Parce qu'il y en aurait beaucoup. Et oui, en effet, il y en avait beaucoup trop.
« Bonjour » lança la rousse en se mettant devant le comptoir sans avoir regardé un seul instant les produits de la boutique, l'étonnant assez vu qu'ils avaient dû plusieurs fois la restreinte de prendre la moitié des magasins précédents. « Je suis mademoiselle Nami. »
« Oh ! » fit la gérante, une petite vieille qui souriait en pointant du doigt vers le ciel. Zoro se demandait bien quelle était l'affaire. Surtout qu'il allait devoir gérer tout seul la folie shopping de sa compagne vu que Sanji venait de partir leur acheter un en-cas dans un magasin voisin.
« J'arrive tout de suite mademoiselle Nami. Vos commandes sont bien mignonnes en tout cas, le papa sera content j'espère. »
Les yeux bruns lancèrent une regard amusé au ''papa'', pendant que la gérante partait dans l'arrière-boutique, et il eut un sourire en coin. La rousse avait donc préparé une surprise pour eux. Il ne devrait pas être surpris, parce que étonnamment c'était elle la plus romantique des trois et non le blond comme tout le monde pourrait le penser.
C'était elle qui faisait des rendez-vous surprises ou des cadeaux venant de nul part. Bien sûr les deux hommes essayaient de lui rendre les faveurs mais elle s'en fichait bien.
La petite dame revint rapidement avec ce qui semblait être deux bodys pour bébé. Elle les posa tous deux sur le comptoir et Nami sourit en les voyant. Tandis que lui les regardait bouche-bée et la boule à la gorge.
Mon papa il va être le meilleur sabreur du monde ! Disait le noir et vert, avec trois katanas brodés en dessous. Mon papa découvrira All Blue ! Disait le bleu et blanc, avec des poissons un peu partout.
« Ils sont parfaits. » annonça la rousse. « Merci beaucoup pour avoir fait si vite.

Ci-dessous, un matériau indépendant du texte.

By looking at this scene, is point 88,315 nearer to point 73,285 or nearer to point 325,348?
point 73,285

J'ai retrouvé le prospectus de la boutique que quelques jours avant d'arriver sur l'île. »
« Il n'y pas de raison mademoiselle. Ce fût un plaisir, ça fait bien longtemps que je n'ai pas eu de commande personnalisée. » la gérante se tourna vers lui. « Cela vous convient-il monsieur ? »
Il n'arriva pas à parler, à ouvrir la bouche. Mais la couturière acquiesça en souriant. La réponse devait se lire sur son visage.
Nami lui offrit un sourire et il lui embrassa les cheveux. Ok. Il aimait bien les virées shopping maintenant. Dieu il avait hâte de voir la tête de Sanji en voyant ça.